▶ WORK REQUIRED
Copy out all the lines of the data that hold the word "Phone".

Web page caption snippets
════════════════
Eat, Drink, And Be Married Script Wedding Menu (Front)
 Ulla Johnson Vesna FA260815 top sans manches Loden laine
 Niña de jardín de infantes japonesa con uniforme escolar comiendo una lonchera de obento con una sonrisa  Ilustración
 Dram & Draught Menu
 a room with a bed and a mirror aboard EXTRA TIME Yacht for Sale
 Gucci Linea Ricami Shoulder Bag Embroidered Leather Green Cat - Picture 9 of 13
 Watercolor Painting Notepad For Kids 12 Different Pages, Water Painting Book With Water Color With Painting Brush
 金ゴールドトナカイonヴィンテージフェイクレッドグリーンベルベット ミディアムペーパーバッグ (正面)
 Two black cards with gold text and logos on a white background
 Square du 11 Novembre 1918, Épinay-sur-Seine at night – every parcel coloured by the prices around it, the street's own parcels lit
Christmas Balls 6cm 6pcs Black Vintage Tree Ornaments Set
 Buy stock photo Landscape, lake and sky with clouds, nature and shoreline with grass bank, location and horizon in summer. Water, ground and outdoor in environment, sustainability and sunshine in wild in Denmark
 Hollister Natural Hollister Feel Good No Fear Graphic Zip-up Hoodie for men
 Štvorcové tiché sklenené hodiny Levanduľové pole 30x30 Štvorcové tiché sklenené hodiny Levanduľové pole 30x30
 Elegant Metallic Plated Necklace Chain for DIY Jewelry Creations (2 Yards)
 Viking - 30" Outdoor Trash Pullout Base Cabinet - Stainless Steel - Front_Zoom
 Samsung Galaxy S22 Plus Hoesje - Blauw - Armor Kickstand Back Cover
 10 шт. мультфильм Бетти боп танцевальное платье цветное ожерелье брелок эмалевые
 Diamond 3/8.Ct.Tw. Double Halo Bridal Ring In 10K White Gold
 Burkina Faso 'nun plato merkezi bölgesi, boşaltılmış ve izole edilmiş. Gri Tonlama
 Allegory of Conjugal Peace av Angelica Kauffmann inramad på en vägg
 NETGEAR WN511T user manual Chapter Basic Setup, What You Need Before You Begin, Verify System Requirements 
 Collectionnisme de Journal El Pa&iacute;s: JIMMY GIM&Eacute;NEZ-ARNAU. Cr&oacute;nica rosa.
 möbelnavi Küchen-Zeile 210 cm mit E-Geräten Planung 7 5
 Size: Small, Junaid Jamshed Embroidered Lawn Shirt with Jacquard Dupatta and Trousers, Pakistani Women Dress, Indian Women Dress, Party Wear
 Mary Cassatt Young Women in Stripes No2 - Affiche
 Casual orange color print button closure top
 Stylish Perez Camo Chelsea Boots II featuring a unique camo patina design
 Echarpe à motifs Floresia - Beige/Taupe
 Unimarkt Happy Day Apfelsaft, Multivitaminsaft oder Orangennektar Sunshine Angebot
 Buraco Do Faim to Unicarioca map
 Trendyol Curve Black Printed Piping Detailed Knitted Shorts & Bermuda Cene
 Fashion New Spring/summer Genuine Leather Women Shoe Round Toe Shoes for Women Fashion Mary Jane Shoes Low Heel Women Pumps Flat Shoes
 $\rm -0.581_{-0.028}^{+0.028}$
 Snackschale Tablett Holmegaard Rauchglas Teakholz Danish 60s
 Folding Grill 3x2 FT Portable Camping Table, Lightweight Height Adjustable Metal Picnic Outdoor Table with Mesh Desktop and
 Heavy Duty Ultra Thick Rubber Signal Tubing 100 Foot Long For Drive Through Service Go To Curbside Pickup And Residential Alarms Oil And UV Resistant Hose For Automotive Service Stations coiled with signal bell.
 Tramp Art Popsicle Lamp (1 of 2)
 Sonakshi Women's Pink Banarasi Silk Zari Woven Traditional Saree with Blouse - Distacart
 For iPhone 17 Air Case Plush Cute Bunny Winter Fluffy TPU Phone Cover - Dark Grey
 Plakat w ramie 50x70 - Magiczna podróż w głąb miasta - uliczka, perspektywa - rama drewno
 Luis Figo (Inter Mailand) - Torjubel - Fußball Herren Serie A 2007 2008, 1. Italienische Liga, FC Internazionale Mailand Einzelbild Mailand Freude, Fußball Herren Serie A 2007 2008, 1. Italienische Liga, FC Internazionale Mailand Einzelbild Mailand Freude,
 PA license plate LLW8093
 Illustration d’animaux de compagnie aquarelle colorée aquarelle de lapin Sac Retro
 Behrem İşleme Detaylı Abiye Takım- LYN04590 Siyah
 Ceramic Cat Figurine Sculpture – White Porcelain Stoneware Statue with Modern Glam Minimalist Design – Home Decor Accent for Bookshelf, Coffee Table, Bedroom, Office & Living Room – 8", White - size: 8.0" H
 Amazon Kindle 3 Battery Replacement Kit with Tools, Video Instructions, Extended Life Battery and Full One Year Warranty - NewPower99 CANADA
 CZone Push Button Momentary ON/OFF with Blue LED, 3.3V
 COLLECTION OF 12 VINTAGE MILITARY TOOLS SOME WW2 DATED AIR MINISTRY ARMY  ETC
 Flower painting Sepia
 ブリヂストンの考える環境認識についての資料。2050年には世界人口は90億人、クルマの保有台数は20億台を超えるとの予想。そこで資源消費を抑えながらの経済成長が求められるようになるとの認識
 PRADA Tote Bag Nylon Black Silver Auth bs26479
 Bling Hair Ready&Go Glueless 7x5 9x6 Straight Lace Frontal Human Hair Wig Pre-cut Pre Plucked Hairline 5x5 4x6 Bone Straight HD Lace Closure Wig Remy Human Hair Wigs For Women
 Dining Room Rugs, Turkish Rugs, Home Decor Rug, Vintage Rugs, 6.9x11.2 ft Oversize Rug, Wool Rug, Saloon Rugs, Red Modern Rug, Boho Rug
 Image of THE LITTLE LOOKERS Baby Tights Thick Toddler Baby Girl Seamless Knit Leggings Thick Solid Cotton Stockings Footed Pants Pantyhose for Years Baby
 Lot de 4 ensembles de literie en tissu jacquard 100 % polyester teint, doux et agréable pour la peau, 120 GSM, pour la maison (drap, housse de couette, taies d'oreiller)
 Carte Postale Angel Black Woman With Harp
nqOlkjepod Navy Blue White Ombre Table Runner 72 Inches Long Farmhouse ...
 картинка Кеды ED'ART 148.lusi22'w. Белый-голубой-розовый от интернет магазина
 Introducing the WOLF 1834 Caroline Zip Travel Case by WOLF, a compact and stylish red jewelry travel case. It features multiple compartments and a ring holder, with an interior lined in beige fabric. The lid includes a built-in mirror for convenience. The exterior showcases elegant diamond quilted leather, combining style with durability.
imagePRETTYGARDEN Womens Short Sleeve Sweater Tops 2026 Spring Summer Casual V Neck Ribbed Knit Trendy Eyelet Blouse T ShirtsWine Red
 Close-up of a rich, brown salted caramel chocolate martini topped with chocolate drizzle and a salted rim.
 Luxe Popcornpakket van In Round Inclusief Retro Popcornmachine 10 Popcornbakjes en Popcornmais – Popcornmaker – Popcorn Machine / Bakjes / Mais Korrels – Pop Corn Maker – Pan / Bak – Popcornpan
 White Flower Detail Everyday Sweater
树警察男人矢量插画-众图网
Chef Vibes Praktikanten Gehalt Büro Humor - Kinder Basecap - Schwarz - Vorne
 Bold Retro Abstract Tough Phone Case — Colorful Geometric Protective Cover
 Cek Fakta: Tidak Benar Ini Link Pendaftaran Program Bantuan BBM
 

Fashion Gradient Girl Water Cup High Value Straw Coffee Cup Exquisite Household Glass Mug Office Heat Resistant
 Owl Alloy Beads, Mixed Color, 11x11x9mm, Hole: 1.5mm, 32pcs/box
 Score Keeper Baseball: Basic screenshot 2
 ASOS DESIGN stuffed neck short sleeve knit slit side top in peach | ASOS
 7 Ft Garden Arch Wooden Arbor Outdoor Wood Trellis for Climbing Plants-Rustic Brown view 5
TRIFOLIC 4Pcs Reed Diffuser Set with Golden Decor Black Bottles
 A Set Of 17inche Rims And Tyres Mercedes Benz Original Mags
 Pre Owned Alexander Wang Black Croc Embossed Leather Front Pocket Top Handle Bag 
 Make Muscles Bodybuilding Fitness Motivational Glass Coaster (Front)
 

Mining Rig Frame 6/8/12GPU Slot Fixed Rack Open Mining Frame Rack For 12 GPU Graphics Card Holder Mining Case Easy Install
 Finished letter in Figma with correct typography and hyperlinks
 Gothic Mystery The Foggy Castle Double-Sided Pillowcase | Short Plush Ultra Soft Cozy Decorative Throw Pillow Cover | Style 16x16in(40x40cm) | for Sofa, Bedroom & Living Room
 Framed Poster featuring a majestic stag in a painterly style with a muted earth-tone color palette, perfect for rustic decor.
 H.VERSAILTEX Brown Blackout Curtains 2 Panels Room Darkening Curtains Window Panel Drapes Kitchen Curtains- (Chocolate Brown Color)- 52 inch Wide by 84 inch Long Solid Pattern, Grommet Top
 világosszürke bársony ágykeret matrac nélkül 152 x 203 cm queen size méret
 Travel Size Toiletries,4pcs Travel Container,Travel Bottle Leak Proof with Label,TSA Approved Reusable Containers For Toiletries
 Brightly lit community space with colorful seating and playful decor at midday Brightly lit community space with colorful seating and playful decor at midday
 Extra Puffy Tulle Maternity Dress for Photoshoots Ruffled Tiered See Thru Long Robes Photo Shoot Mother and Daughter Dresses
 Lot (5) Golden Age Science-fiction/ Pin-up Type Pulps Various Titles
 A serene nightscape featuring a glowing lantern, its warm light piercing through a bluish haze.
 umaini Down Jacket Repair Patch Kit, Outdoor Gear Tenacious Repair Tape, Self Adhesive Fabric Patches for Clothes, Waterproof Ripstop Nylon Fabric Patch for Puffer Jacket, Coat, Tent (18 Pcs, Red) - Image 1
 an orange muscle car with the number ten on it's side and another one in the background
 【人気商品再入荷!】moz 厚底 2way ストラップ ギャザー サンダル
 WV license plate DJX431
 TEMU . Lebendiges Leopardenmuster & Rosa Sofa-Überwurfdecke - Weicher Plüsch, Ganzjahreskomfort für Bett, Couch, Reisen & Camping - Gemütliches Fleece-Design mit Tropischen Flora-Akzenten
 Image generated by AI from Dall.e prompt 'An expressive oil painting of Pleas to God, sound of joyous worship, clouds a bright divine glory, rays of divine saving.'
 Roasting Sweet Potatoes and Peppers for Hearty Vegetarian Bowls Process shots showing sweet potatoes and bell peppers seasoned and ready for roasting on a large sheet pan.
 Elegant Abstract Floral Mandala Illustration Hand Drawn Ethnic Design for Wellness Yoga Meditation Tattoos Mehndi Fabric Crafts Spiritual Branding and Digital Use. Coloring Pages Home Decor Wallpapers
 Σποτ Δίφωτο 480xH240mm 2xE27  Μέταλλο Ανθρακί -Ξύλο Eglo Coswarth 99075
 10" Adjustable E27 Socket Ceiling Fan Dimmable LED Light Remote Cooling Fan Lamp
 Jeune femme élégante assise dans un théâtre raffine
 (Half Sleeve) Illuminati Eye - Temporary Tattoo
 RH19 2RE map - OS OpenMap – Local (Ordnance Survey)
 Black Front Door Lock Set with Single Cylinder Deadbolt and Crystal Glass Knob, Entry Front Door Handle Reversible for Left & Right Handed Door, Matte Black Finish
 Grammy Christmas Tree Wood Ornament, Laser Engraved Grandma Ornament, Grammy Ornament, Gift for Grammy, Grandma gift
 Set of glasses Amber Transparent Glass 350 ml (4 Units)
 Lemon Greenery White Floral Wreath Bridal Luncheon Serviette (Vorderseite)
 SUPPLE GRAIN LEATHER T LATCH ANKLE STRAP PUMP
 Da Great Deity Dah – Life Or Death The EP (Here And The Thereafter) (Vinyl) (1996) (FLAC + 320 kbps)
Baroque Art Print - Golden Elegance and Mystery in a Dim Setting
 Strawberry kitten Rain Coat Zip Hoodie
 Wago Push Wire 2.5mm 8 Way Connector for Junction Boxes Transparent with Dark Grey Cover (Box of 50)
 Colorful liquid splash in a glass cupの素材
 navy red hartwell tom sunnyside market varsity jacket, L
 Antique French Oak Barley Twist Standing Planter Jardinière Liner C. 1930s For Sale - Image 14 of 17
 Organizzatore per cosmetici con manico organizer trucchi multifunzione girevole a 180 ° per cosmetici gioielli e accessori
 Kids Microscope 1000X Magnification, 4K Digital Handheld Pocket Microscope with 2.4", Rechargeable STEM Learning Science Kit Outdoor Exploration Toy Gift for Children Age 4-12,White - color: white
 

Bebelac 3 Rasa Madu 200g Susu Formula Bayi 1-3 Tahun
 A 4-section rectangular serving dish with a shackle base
════════════════
▶ YOUR SOLUTION
 For iPhone 17 Air Case Plush Cute Bunny Winter Fluffy TPU Phone Cover - Dark Grey
 Bold Retro Abstract Tough Phone Case — Colorful Geometric Protective Cover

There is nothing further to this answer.